The classroom model is expensive: a YouTube video can reach millions of people over many years, but a lecture reaches only a few dozen people, once. This has social consequences:

• In countries like the U.S., rich communities have better schools than poor ones. Rich people can afford high-end colleges and poor people can't. So the education system perpetuates social inequality.
• In poor countries, few people can afford much education at all, perpetuating poverty and inequality at a global level.

Finally, education is typically packed into ages 5-21 or so, and then it ends abruptly. We teach people before they know why it's relevant. By the time the teaching is relevant, much of it has been forgotten.

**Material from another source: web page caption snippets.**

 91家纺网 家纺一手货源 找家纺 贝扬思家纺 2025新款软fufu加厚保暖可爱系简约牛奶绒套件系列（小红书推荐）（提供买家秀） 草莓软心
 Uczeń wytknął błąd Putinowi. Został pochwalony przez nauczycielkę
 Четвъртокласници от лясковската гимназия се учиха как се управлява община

ST is intended to address these problems by a) making it feasible to learn a lot about a lot of things, b) making this affordable (ideally, free), and c) spreading the learning process across an individual's entire life.

Overview of scientific teaching

ST is based on three central ideas. First: for each concept to be taught, ST has lots (dozens or hundreds) of "lessons" that teach it in different ways. To teach the concept to a given student, ST uses the lesson that's most likely to be effective for that student.

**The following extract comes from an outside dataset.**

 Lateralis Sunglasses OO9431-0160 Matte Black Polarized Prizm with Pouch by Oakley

Currently, a concept in the mainstream curriculum is typically covered in scores of textbooks, scores of YouTube videos, and tens of thousands of lectures (a few of them recorded). These "lessons" may differ in learning mode, medium, language level, assumptions about student interests, and so on. Some are terrible, some are great; some are great but only for a (possibly small) subset of students. But a student only sees one of them, and almost certainly not the optimal one.

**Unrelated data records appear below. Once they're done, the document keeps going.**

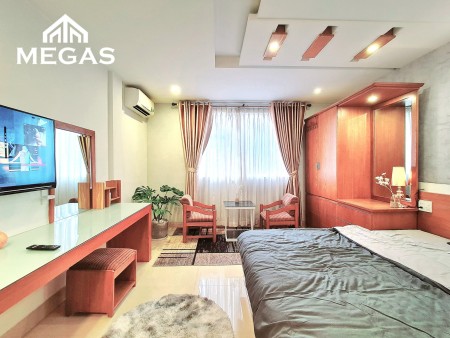 Cho thuê căn hộ mặt tiền Quận 1, mới 100% ngay ngã sáu Phù Đổng full nội thất dịch vụ cao cấp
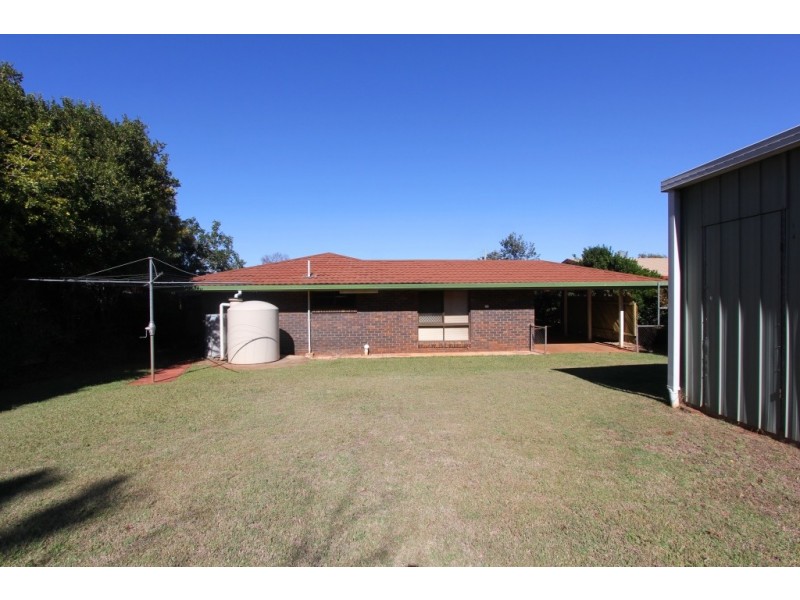 10 Joseph St, Kingaroy QLD 4610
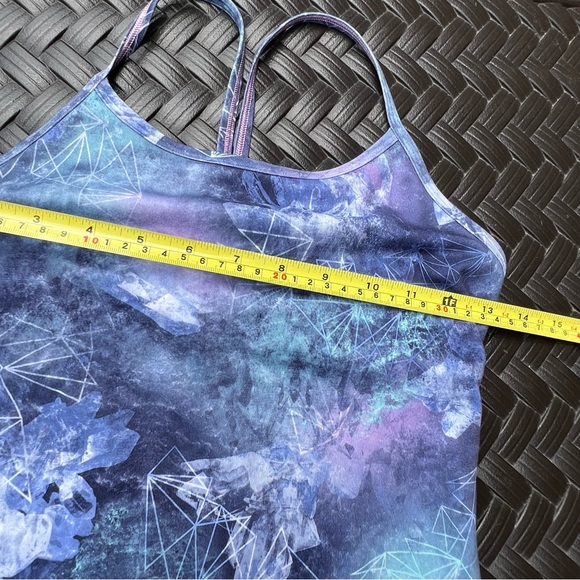 Ivivva by Lululemon Girl's Blue Tie Dye Tank Top Size 12 Activewear - Picture 7 of 8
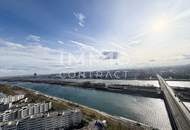 TOP-Aussicht auf City, Kahlenberg, Donau: Erstbezug DANUBEFLATS mit Gym, Saunen, Pool, Bar & Lounge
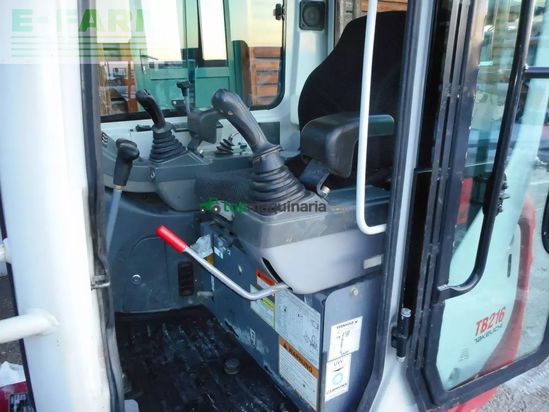 Excavadora - Takeuchi - tb 216 ( 1.865kg ) powertilt + 3 löffel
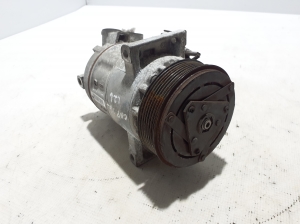 RENAULT Captur (2013–2019) A/C compressor 926000217R - 2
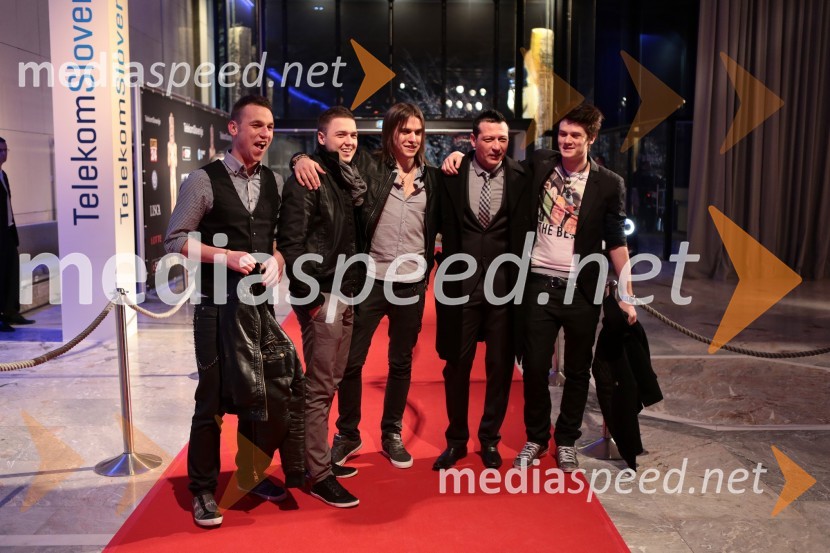 Skupina In&Out; Aleš UranjekViktorji 2012, rdeča preproga in druženje pred dvorano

Second: ST doesn'tt just teach a concept once; it refreshes it at intervals (months and years) in a way that efficiently moves it to the student's long-term memory.

Third: ST's teaching decisions (which lessons to show a student, when to refresh concepts) are based on empirical data rather than a priori assumptions. It records every student interaction in detail, in a central database: the number of seconds the student viewed a lesson, the results of each assessment, and so on. It analyzes this data, using multiple methods (principal component analysis, machine learning, etc.) to learn about each student and each lesson, with the goal of teaching efficiently and permanently.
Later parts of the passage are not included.